By Juan Somavia - posted Tuesday, 15 August 2000


Barely heard and hardly seen, hundreds of millions of children endure grave and multiple violations of their rights. Among these children are the millions who labour on farms and in factories, who are trapped in commercial sexual exploitation, child soldiers, the millions not registered at birth, those lacking access to clean water and education, those not immunized and the millions living on the streets. The plight of all these children demands far more than the muted response it has so far evoked from the global community.

Breathtaking numbers of children are lost every day around the globe. Far too many - 30,500 each day, 11 million each year - die from largely preventable causes. But as heartbreaking and senseless as those deaths are, it is not about them that I write. I am speaking of the millions upon millions of children who are lost among the living. Made virtually invisible by the deepest poverty, not registered at birth - and thus denied official acknowledgement of their name and nationality and the protection of their rights - they endure in profound obscurity.

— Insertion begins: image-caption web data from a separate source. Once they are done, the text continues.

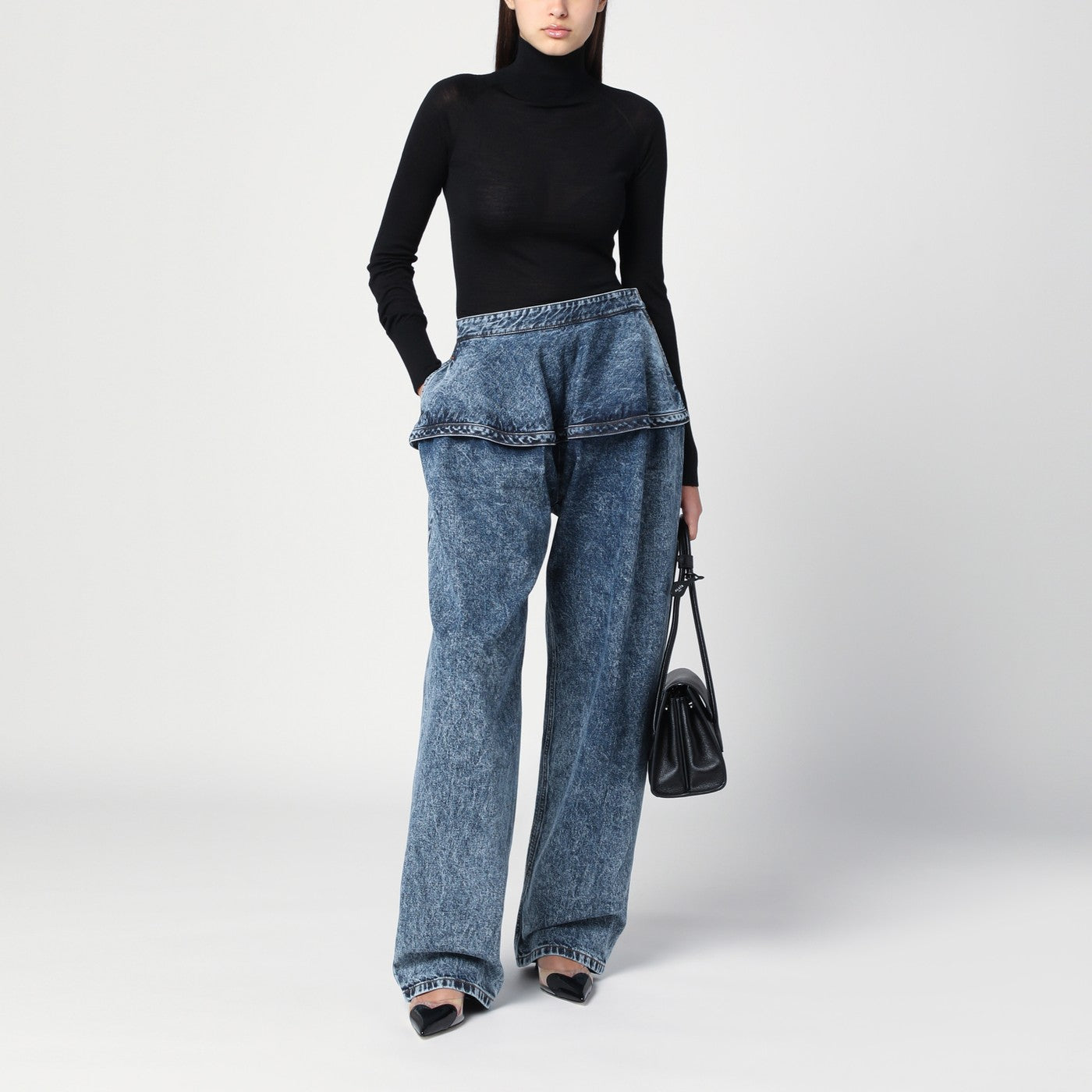 Jeans Peplum in denim stonewashed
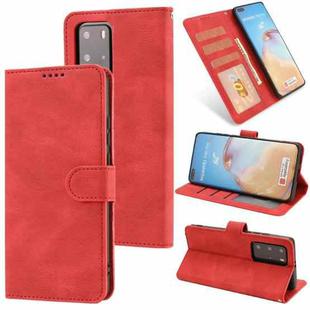 For Huawei P40 Pro Fantasy Classic Skin-feel Calfskin Texture Magnetic Buckle Horizontal Flip PU Leather Case with Holder & Card Slot & Wallet(Red)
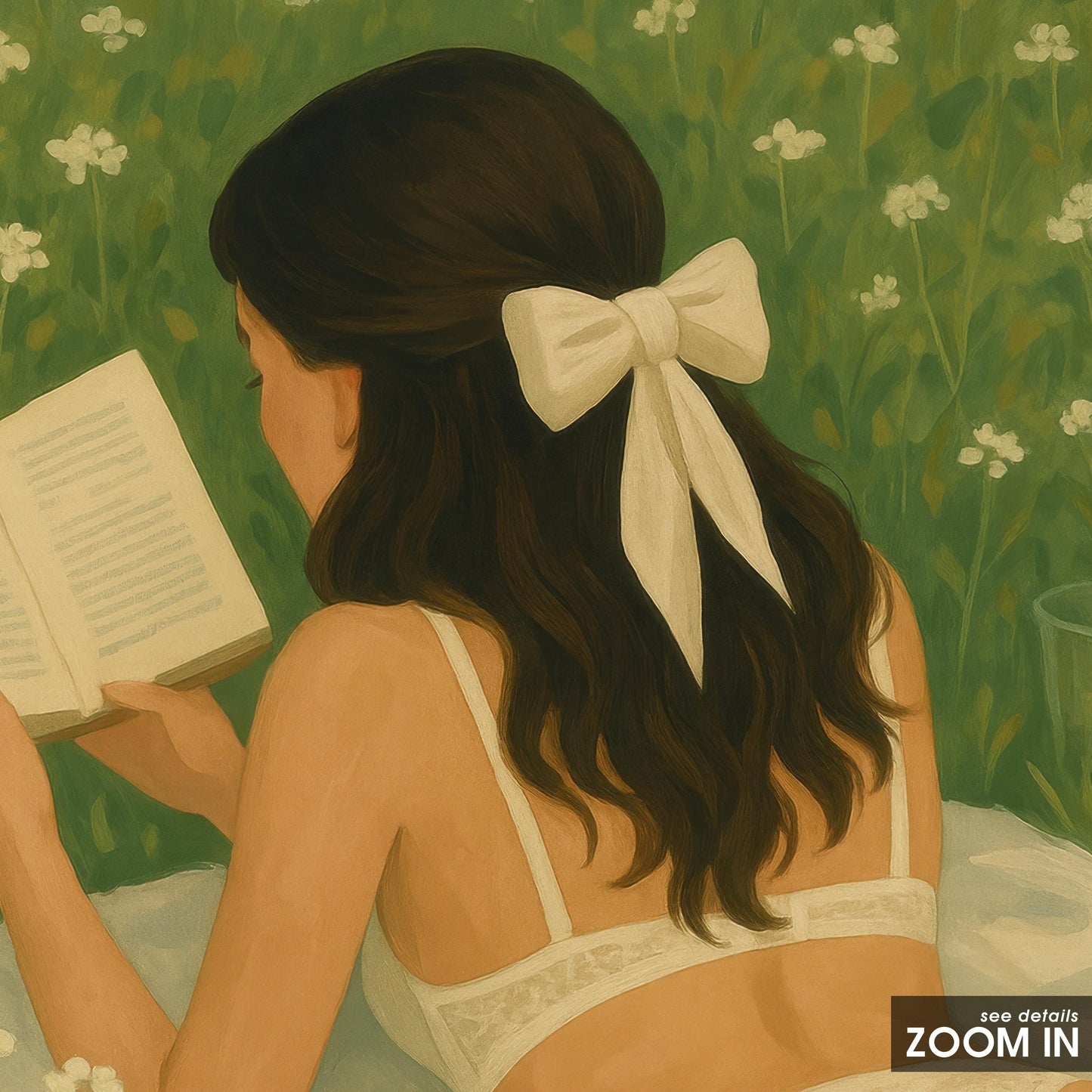 Feminine Wall Art – Reading Girl Print | Cozy Meadow & Romantic Bedroom Decor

The lost children are the most exploited, the poorest of the poor: child soldiers, girls in brothels, young bonded workers in the factories, sweatshops, fields and homes of our seemingly prosperous globe. They are robbed of their health, their growth, their education - and often even their lives. Of the estimated 250 million children between the ages of 5 and 14 who are economically active, some 50 million to 60 million between the ages of 5 and 11 are engaged in such intolerable forms of labour.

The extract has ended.